10 March 2009

A prayer for banality

It seems that the pathetic can’t do anything without prayer. Sadly, President Obama is not any different than his predecessors, if not worse. The Washington Post reports that “Prayer has become more common at presidential appearances under the Obama administration, including at nonreligious events such as stimulus rallies.... Historians note that there is no clear record of prayers before presidential appearances, but they could not remember prayers being said as routinely as they are now.”

The Post is also reporting that according to the results of a new survey, people without a religion now make up 15% of the U.S. population; the only group that grew in every U.S. state since 2001. At the same time, the percentage of Americans identifying themselves as Christians has dropped to 76% of the population, down from 86% in 1990.

The harder they pray the deeper they will sink.


Deniz Bevan said...

I think you mean "President Obama's adminsitration is no better than its predecessors" - English, unlike German, doesn't have a neuter "it" to refer to people :-)


Thanks for noticing that.
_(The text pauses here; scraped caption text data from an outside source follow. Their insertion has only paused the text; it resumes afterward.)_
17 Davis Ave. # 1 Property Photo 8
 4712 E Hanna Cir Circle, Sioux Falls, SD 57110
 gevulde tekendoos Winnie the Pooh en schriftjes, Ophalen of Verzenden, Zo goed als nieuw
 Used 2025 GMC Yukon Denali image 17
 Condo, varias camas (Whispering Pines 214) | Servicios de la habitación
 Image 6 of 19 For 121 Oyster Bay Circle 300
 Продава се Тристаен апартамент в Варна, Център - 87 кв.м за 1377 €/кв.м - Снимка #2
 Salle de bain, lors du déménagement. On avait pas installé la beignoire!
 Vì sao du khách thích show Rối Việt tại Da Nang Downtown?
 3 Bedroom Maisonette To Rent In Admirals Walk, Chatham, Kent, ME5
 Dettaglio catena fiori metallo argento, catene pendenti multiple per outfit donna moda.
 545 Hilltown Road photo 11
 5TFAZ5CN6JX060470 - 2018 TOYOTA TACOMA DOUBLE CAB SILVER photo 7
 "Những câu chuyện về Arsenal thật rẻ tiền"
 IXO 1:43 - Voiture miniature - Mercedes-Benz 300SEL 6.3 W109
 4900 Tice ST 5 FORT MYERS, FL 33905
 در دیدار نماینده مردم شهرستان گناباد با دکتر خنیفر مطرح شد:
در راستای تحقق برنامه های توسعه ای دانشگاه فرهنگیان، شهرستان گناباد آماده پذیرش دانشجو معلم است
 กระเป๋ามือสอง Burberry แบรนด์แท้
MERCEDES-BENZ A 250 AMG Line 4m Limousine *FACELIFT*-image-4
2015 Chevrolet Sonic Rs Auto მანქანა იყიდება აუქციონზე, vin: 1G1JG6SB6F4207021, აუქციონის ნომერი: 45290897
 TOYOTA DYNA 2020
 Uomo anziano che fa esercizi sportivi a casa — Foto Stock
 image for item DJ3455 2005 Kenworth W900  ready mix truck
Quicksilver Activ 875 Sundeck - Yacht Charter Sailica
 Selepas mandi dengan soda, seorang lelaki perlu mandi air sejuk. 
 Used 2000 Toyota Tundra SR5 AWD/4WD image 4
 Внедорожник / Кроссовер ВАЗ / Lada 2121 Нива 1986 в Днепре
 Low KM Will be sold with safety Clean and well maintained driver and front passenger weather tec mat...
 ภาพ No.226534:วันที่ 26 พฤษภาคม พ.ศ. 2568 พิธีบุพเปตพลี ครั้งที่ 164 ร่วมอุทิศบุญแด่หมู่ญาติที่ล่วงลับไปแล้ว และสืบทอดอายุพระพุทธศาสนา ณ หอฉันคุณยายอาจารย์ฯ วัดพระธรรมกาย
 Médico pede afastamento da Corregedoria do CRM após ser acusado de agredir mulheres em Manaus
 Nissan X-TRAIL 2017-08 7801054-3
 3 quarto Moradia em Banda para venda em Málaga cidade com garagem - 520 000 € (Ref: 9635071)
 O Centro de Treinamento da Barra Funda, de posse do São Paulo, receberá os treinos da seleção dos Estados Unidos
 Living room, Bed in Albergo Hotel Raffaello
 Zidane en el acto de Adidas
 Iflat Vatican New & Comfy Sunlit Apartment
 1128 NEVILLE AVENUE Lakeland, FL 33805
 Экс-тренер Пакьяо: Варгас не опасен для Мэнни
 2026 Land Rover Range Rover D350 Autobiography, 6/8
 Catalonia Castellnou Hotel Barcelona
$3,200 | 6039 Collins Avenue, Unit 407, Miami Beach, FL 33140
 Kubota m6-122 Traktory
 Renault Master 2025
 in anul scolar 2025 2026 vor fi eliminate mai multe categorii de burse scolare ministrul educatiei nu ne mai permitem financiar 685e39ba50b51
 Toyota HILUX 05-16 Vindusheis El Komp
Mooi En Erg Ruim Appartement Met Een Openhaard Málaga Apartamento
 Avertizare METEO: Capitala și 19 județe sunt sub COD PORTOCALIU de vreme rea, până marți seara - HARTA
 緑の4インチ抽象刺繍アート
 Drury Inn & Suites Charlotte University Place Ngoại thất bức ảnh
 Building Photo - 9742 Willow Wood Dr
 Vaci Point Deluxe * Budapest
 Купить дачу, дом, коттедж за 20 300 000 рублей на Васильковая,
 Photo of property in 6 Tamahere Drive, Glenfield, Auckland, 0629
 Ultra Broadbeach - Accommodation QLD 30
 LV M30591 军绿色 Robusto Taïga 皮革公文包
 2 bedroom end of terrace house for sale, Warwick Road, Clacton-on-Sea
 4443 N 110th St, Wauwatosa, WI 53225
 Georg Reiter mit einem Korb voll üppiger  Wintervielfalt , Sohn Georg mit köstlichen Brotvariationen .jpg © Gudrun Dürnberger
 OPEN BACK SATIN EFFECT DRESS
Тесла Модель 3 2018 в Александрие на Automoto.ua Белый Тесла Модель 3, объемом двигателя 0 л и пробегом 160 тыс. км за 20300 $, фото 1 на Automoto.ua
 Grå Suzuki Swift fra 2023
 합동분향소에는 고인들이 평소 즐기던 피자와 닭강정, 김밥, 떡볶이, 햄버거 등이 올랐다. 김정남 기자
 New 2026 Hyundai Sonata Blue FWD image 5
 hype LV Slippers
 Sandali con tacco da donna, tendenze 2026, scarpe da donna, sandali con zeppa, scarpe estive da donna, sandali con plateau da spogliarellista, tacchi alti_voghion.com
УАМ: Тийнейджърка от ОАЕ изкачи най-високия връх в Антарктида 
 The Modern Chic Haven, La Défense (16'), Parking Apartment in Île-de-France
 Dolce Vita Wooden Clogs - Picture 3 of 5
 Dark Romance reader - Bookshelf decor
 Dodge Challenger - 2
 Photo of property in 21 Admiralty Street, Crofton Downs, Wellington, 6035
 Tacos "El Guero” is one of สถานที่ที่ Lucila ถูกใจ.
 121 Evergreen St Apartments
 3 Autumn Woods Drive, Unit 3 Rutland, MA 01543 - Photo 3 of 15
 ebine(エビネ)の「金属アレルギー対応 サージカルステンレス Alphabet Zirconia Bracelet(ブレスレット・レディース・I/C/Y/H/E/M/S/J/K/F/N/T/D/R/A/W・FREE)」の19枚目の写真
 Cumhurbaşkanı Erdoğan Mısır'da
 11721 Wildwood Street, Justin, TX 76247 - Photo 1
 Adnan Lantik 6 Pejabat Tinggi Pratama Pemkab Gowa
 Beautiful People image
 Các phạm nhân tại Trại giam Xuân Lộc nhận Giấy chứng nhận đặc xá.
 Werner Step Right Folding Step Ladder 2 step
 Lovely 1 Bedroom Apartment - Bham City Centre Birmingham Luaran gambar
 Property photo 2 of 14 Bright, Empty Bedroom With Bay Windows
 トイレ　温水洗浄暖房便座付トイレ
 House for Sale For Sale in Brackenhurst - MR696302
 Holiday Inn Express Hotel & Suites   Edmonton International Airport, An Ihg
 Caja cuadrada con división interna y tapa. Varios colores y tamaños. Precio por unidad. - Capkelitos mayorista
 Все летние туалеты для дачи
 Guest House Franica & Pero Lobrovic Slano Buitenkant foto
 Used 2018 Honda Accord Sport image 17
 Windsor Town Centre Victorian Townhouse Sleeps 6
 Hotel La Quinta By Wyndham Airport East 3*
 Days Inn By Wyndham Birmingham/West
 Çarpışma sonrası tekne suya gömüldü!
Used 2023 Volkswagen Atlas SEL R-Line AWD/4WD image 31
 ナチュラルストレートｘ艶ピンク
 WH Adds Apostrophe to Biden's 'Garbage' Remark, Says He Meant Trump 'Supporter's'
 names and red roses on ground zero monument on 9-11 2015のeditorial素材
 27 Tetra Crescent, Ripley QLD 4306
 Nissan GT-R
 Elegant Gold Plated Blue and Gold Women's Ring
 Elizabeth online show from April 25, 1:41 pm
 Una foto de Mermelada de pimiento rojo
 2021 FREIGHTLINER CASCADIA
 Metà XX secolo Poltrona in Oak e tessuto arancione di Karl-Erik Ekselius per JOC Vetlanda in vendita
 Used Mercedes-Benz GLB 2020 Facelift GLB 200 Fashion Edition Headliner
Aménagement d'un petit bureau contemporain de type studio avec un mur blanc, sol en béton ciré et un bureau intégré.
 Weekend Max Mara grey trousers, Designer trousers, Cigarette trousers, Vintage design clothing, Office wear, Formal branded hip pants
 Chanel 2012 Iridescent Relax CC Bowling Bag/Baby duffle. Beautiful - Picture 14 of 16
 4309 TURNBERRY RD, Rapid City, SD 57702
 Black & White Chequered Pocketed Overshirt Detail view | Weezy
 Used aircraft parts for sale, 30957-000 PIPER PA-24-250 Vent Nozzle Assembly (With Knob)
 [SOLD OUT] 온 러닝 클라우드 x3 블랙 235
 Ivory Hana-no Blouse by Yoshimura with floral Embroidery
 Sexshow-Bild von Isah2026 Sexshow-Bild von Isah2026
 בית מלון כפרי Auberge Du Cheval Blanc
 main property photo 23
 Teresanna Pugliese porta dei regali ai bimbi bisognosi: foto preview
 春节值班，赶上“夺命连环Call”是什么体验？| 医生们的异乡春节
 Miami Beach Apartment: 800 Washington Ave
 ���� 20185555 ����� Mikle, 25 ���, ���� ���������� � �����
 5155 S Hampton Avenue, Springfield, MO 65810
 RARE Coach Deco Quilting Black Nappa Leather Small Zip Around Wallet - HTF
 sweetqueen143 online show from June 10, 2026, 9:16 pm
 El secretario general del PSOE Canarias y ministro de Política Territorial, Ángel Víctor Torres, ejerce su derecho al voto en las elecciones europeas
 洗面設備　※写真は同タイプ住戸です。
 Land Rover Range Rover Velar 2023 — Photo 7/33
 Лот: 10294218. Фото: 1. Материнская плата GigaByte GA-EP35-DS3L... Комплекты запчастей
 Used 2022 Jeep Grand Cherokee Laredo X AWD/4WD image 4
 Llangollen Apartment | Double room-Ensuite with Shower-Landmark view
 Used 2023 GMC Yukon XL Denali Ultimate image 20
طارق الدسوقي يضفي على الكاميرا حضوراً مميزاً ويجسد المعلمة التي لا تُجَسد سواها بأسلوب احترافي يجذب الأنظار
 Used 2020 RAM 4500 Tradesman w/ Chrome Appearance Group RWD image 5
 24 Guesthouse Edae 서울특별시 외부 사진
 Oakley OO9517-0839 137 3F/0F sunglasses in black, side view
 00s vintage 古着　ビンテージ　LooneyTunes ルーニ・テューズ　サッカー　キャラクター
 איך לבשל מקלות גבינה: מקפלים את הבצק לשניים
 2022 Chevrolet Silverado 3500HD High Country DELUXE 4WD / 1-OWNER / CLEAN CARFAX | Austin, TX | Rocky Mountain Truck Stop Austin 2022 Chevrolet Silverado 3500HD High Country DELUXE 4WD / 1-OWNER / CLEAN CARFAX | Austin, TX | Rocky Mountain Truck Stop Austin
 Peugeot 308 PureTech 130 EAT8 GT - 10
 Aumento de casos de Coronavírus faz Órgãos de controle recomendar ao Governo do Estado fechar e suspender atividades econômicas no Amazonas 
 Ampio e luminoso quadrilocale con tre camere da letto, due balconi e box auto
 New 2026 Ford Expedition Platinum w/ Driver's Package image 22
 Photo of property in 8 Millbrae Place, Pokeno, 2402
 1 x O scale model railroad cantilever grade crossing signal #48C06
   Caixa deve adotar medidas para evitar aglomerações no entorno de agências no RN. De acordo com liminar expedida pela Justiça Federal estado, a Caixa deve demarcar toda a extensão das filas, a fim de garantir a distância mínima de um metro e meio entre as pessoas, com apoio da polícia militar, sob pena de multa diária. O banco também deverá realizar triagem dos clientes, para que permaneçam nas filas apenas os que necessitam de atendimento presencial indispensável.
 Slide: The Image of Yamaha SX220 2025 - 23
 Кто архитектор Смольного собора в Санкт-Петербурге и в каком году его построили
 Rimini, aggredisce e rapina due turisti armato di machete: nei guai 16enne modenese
I've corrected the text. I was thinking of Obama himself, but then wanted to write the Obama Administration, but obviously got myself confused.

beetlesinthebush said...

I believe that the absolute and relative percentage of Christians who identified themselves as "evangelical" also rose, while those identifying themselves as Catholic or Protestant dropped.

In short, more people are either not choosing religion or are choosing its more radical elements - the country is becoming more polarized!


as an ironic postscript to my message, your word verification asked to enter the words 'cushol' - cuss hole?

JT said...

On the other hand, Obama seems to believe in science and is encouraging his policy makers to do so as well.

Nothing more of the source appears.